Segnet training according to their tutorial fails; works fine with the original version of caffe-segnet

Steps to reproduce

~/SegNet$ ./caffe-segnet-cudnn5/build/tools/caffe train -gpu 0 -solver ./Models/segnet_solver.prototxt -weights ~/SegNet/Models/VGG_ILSVRC_16_layers.caffemodel

I1216 09:13:55.123234 3520 caffe.cpp:217] Using GPUs 0 I1216 09:13:55.129607 3520 caffe.cpp:222] GPU 0: Tesla K40c E1216 09:13:55.404479 3520 common.cpp:113] Cannot create Cublas handle. Cublas won't be available. E1216 09:13:55.609668 3520 common.cpp:120] Cannot create Curand generator. Curand won't be available. I1216 09:13:55.609848 3520 solver.cpp:48] Initializing solver from parameters: test_iter: 1 test_interval: 10000000 base_lr: 0.001 display: 20 max_iter: 40000 lr_policy: "step" gamma: 1 momentum: 0.9 weight_decay: 0.0005 stepsize: 10000000 snapshot: 1000 snapshot_prefix: "/home/XXX/SegNet/Models/Training/segnet" solver_mode: GPU device_id: 0 net: "/home/XXX/SegNet/Models/segnet_train.prototxt" train_state { level: 0 stage: "" } test_initialization: false I1216 09:13:55.616778 3520 solver.cpp:91] Creating training net from net file: /home/XXX/SegNet/Models/segnet_train.prototxt [libprotobuf ERROR google/protobuf/text_format.cc:274] Error parsing text-format caffe.NetParameter: 7:26: Message type "caffe.LayerParameter" has no field named "dense_image_data_param". F1216 09:13:55.616905 3520 upgrade_proto.cpp:88] Check failed: ReadProtoFromTextFile(param_file, param) Failed to parse NetParameter file: /home/XXX/SegNet/Models/segnet_train.prototxt Check failure stack trace: @ 0x7f6aed6ab5cd google::LogMessage::Fail() @ 0x7f6aed6ad433 google::LogMessage::SendToLog() @ 0x7f6aed6ab15b google::LogMessage::Flush() @ 0x7f6aed6ade1e google::LogMessageFatal::~LogMessageFatal() @ 0x7f6aeddd3d61 caffe::ReadNetParamsFromTextFileOrDie() @ 0x7f6aedc2468b caffe::Solver<>::InitTrainNet() @ 0x7f6aedc25a77 caffe::Solver<>::Init() @ 0x7f6aedc25e1a caffe::Solver<>::Solver() @ 0x7f6aedd901f3 caffe::Creator_SGDSolver<>() @ 0x40c20a train() @ 0x4088d8 main @ 0x7f6aebf39830 __libc_start_main @ 0x4091a9 _start @ (nil) (unknown) Aborted (core dumped)

Your system configuration

Operating system: Ubuntu x64 16.04.1 LTS Compiler: CUDA version (if applicable): 8.0 CUDNN version (if applicable): 5.1 BLAS: Python or MATLAB version (for pycaffe and matcaffe respectively):

TimoSaemann commented 7 years ago

@bosmart thank you for report. I fixed that.
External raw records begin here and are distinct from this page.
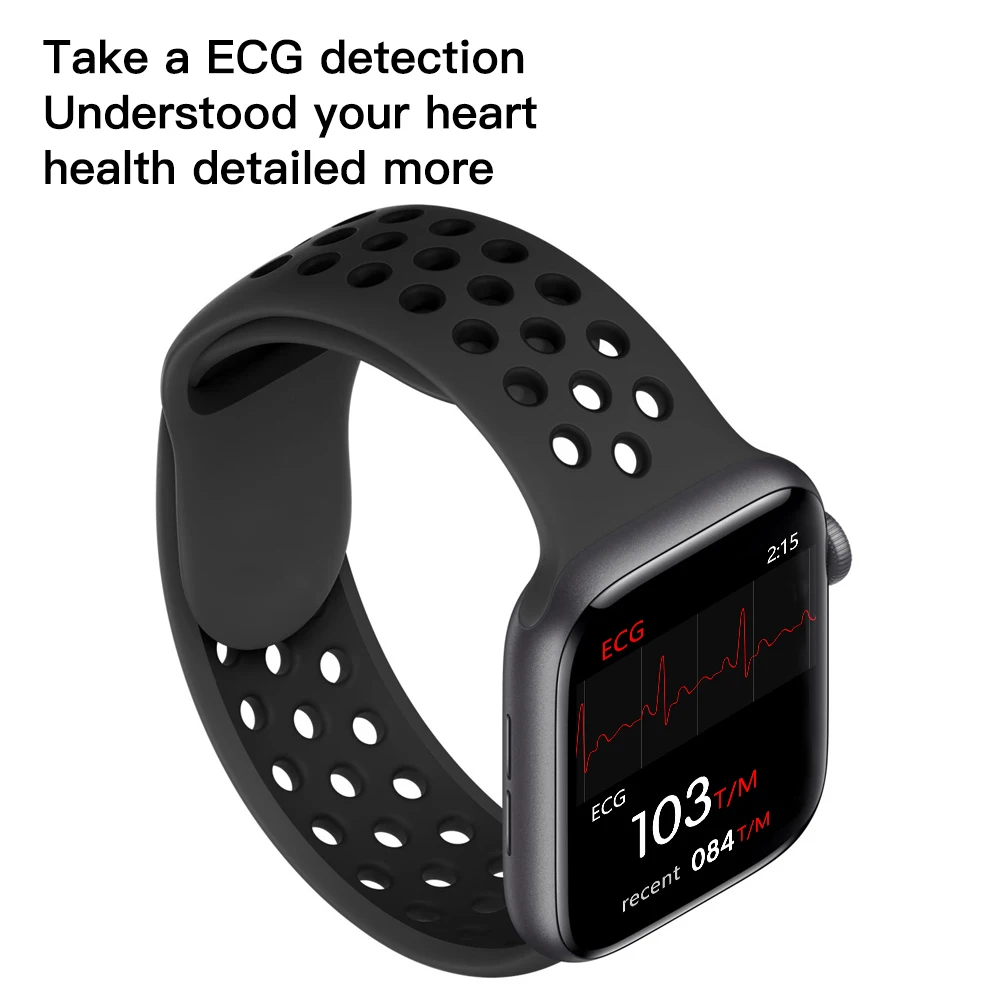 Chinese Style Natural Silk Women Summer Tops Tees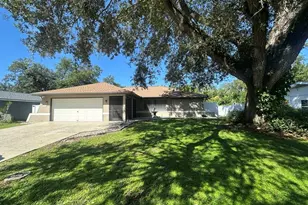 2029 Lake View Blvd, Port Charlotte, FL 33948 - Photo 1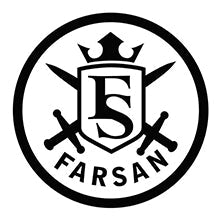 Farsan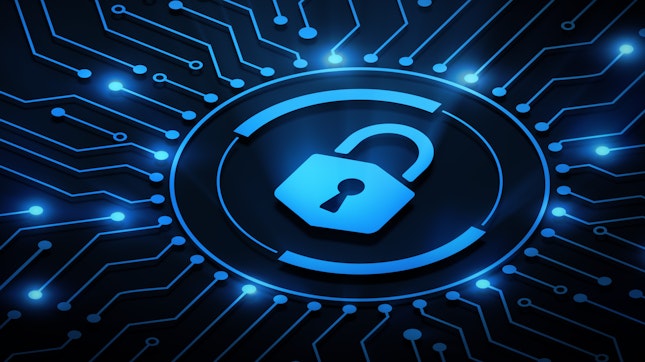 Cybersecurity in the pharmaceutical industry: challenges in the NIS2 era Cybersecurity in the pharmaceutical industry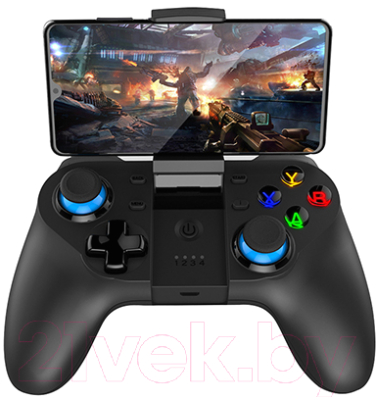 Геймпад iPega PG-9129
bosmart commented 7 years ago

Brilliant, it's working now!

I have noticed one other slight issue - the cudnn5 version seems to be using more memory. With a batch size of 7 on the CamVid dataset I'm getting 10737MiB (cuddn3) vs 10795MiB (cuddn5); with batch size 8 I'm getting 12184MiB (cuddn3) vs out of memory error (cudnn5). 12200MiB is what's available. So now I'm wondering if cudnn5 just uses more memory or are there any other differences between caffe-segnet and caffe-segnet-cudnn5?

Thanks!

ronalddas commented 7 years ago

@bosmart Hi, what version of CUDA are you using? I am using CUDA 7.5 and cuddn 5 , and with Batch size 6 , am getting 9331MiB . Also its taking around 4 seconds per iteration on the CamVid DataSet.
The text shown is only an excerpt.